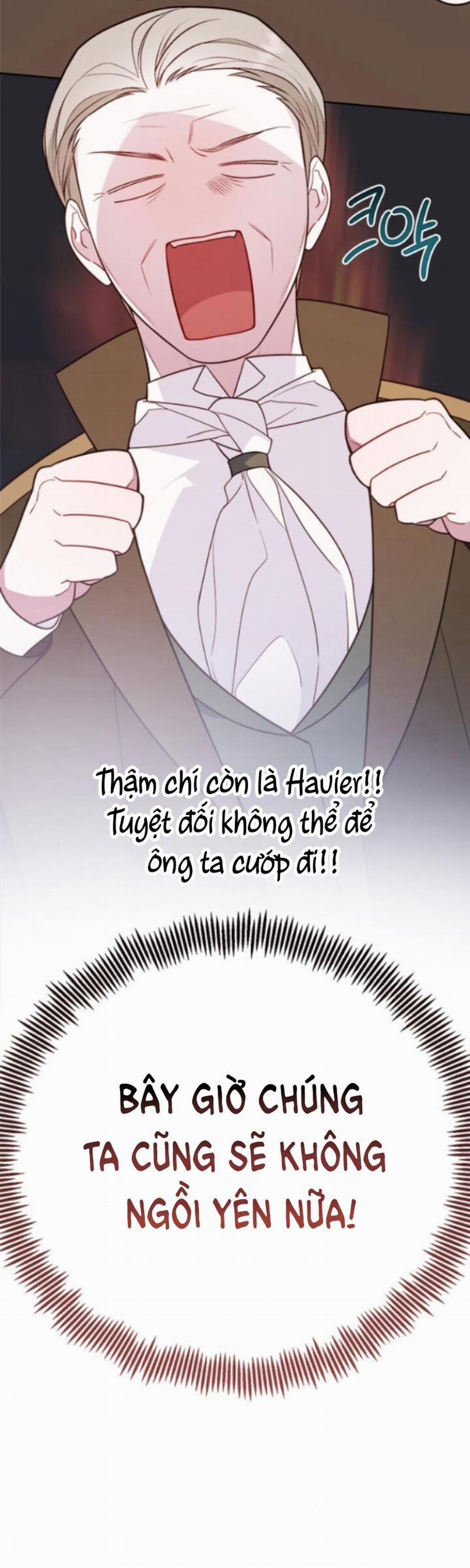 Bạo Chúa Bé Con 28.1 trang 16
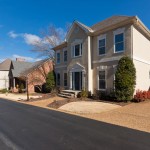 Huntsville Home For Sale Exterior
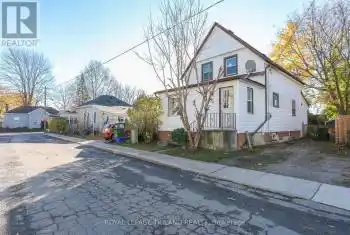 26 Meda Street, St. Thomas, Ontario N5P1W6, 3 Bedrooms Bedrooms, ,2 BathroomsBathrooms,All Houses,For Sale,Meda,X10425142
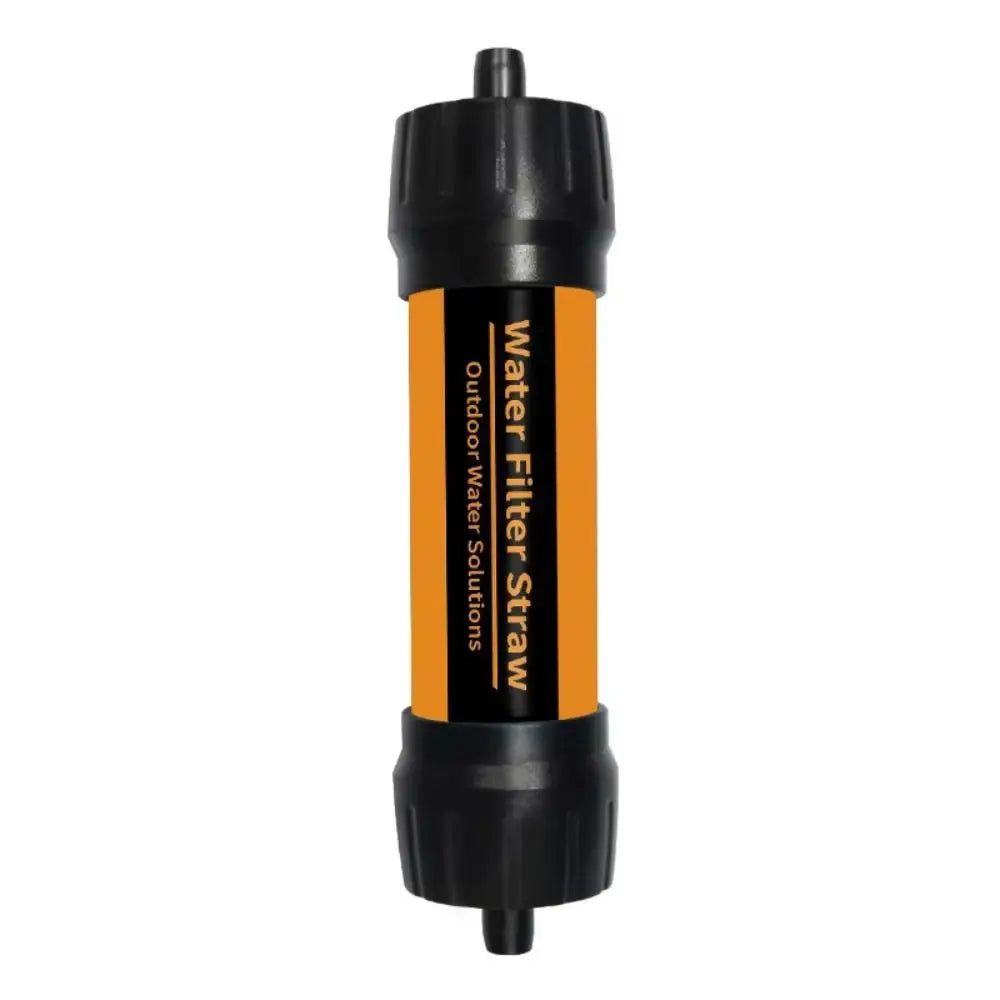 Mini Mini Water Filter Straw Straw Purifier Purification Water Filter TUP Direct Drinking Drinking Water Filtering Straw Outdoor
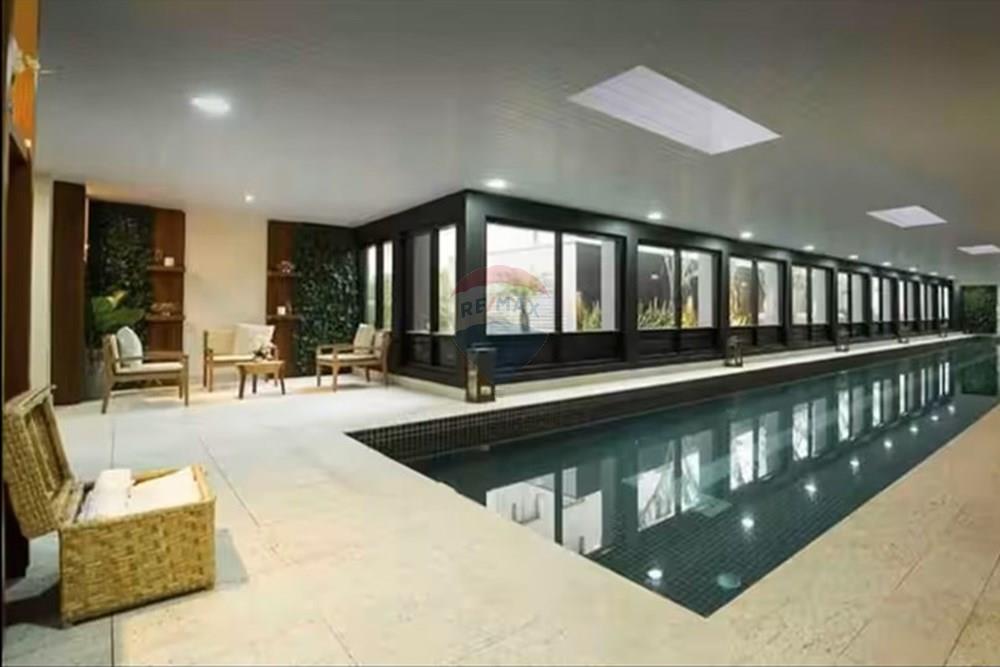 Studio - Venda - São Paulo , São Paulo - Piscina.jpg - 601251295-19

(EXERCISE OBJECTIVE): What you give back should be the full material above, retyped exactly, with every image removed.

(REPLY):
 Bạo Chúa Bé Con 28.1 trang 16
 Huntsville Home For Sale Exterior
 26 Meda Street, St. Thomas, Ontario N5P1W6, 3 Bedrooms Bedrooms, ,2 BathroomsBathrooms,All Houses,For Sale,Meda,X10425142
 Mini Mini Water Filter Straw Straw Purifier Purification Water Filter TUP Direct Drinking Drinking Water Filtering Straw Outdoor
 Studio - Venda - São Paulo , São Paulo - Piscina.jpg - 601251295-19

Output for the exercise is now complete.